Ramkumar Shankar
web  /  backend

Ravi & Emma

Helping a computer recognise 14 Australian Sign Language (Auslan) signs

Ravi & Emma project - data capture website
Role Creative Developer
Delivery Website frontend using Vue.js / Node.js + Websocket server / AWS EC2 instance, DynamoDB and S3 for database and storage
Period September 2019 — September 2020
Awards Walkley (Innovation award)

Overview

Ravi & Emma will be an interactive documentary, told in Auslan, to illuminate the richness of Deaf culture and the complexity of Auslan through the story of two young Australians living in London. Through the project, people who may never have signed before, will have the opportunity to experience a small part of this complex and rich language. Audiences will navigate through the story by signing a selection of Auslan signs and their webcam.

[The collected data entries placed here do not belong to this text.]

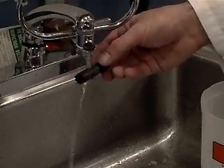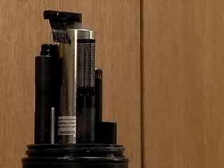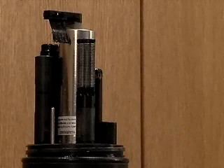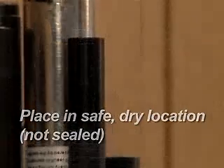Inspect the membrane for damage and for the presence of water inside the tubing. Replace a damaged or waterlogged membrane with Hydrolab part number 003423. If the sonde is going to be stored for longer than two weeks, place the membrane in a safe dry location, not sealed, and leave the protective cap installed on the sensor base.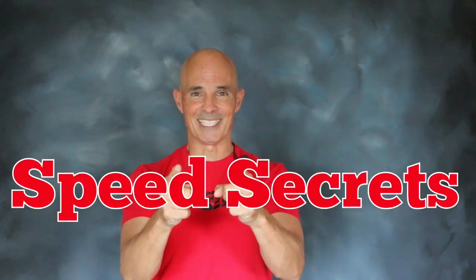I'm Richard Holdner — that's all the time I have. I want to thank the guys at FAST. Join me next time on Speed Secrets.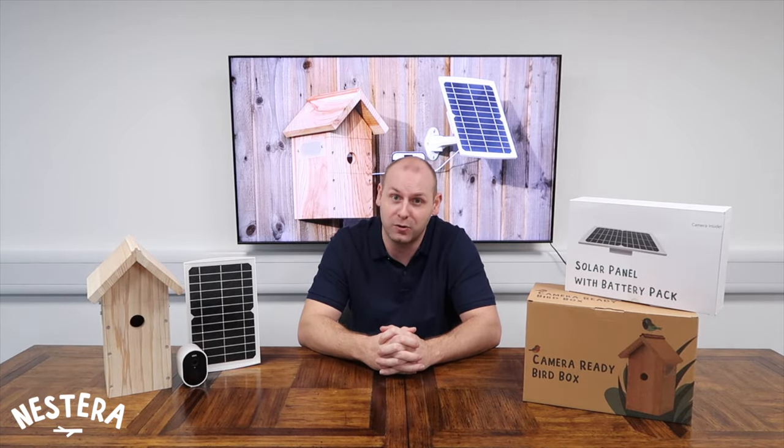This means there's now no need to drill any holes through any external walls to run a cable to the box. The camera in the Bird Box connects wirelessly to your home Wi-Fi network and allows you to watch the nesting birds up close and personal on your smartphone or tablet using our new Nestera BirdCam app. It's so simple to set up and use and doesn't require any technical or specialist knowledge.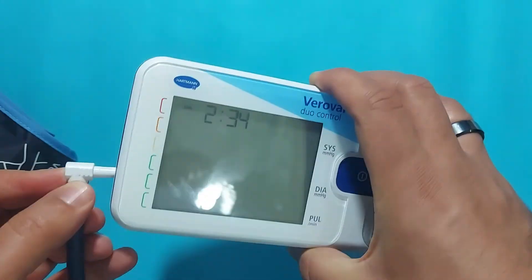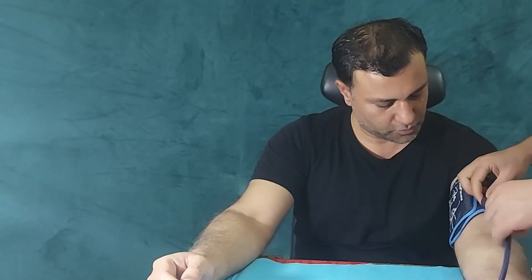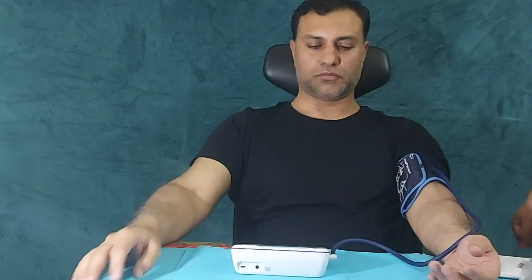Connect the tube to the monitor and you're ready to take blood pressure measurements. Place the inflating cuff at least 2 cm above the elbow and keep the tube in the middle of the arm. Sit back and relax your body, because this BP monitor can detect incorrect sitting positions and alert you about it.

This data capture website was built to collect videos of people signing a selection of Auslan signs, and support the training efforts to develop a machine learning model that can recognise a specific set of 14 Auslan signs.

Ravi & Emma story chapters

Deaf-led from the start

The project is being made in collaboration with Ravi Vasavan and Emma Anderson, and being developed with Deaf storytellers, linguists and academics. The selection of signs was also informed by what would work within the constaints of gesture recognition technology.

Ravi & Emma - Auslan signs

“At its most effective, digital storytelling is a powerful tool of emancipation, revelation and discovery to maker and viewer alike.”

— Catherine Boase

Project Goals

The interactive documentary is intended to illuminate the richness of Deaf culture and the complexity of Auslan through the personal story of Ravi, who is Deaf, and Emma, who has hearing.

Allow audiences to experience Auslan

Work with Deaf storytellers and the Auslan community to invite audiences to experience Auslan.

Two Perspectives

Audiences can control which perspective of the story to view. They can switch to the perspective throughout the story by signing either name at any time.

Rewarding Narrative Beats

An engaging experience that allows users to follow the same story arc from both characters.

Ravi Emma - screenshot of data capture processraviemma - skin tone prompt

Recognising Diversity

The data collection process was intentional and deliberately planned to have a wide coverage of demographic characteristics and environmental factors such as age, skin tone, lighting, clothing and appearance.

Preparing the data for training

Each sign was classified and scored by a human, against a baseline developed with the Auslan community for form and timing. These videos and scores were subsequently used to train a machine learning model to classify the signs. We also included training data where users were doing something other than signing to accurately detect negative scenarios.

Technical Implementation

The website, and an internal moderation tool, was built using Vue.js. I wrote a Vue plugin that wraps the MediaRecorder in modern web browsers, and sends a stream of data through websockets to a Node.js server running in AWS EC2. DynamoDB and S3 were used for database and storage respectively.

Awards

The final implementation won the 2022 Walkley Innovation award.